The Tokyo office of Gavin Anderson & Co is gearing up for the increased business it expects in the wake of the government’s Big Bang financial reforms.
Ross Rowbury, who left his job as head of foreign equity at BZW in Tokyo earlier in the year, joined the agency’s team in October as a senior consultant. He will work alongside another new recruit: Masaki Kai came on board in September following a stint with venture capitalists Shoko Fund. Rowbury and Kai will be working with senior vice president Deborah Hayden for the agency’s current clients while also trying to generate new business.

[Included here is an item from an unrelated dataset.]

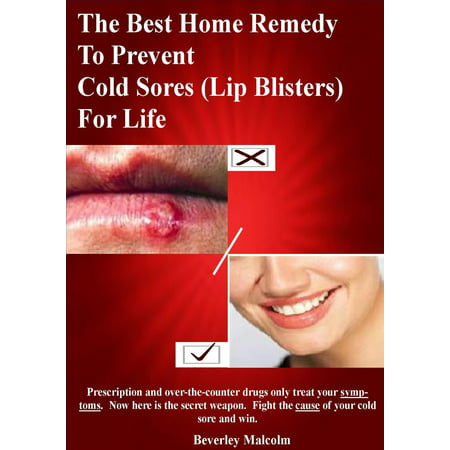 The Best Home Remedy To Prevent Cold Sores (Lip Blisters) For Life - (Best Home Remedy For)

‘When I left BZW I was a firm believer in the potential of investor relations in Japan and was looking at the possibility of doing it on my own,’ says Rowbury, adding that he came to the conclusion that such a successful one-man-band agency would be very difficult to achieve. He believes that IR for leading companies is increasingly global and you need the back-up of a bigger operation – not to mention the database and profile support it can provide. So when the offer came in from Gavin Anderson he decided to run with it.
Rowbury remains upbeat about the investor relations potential in the country – both for domestic and international companies. ‘There is an ever increasing amount of money being directed at foreign equities here,’ he says, pointing to the changes afforded by Big Bang, the low returns of domestically invested funds and the larger number of young Japanese fund managers in key positions having returned from education and work overseas.
Japanese companies are also waking up to the need to improve their own investor relations programs. Kai comes to Gavin Anderson having spent just over three years at Shoko Fund where, among other things, he held responsibility for investor relations and human resources. He is keen to adapt the techniques used by Shoko in raising funds to help his new clients at the agency and is working on expanding the number of Japanese clients on the books.
‘Japanese companies are lacking in disclosure and often don’t know how to communicate with foreign investors,’ says Kai, suggesting he hopes to help change that situation with some of his new clients.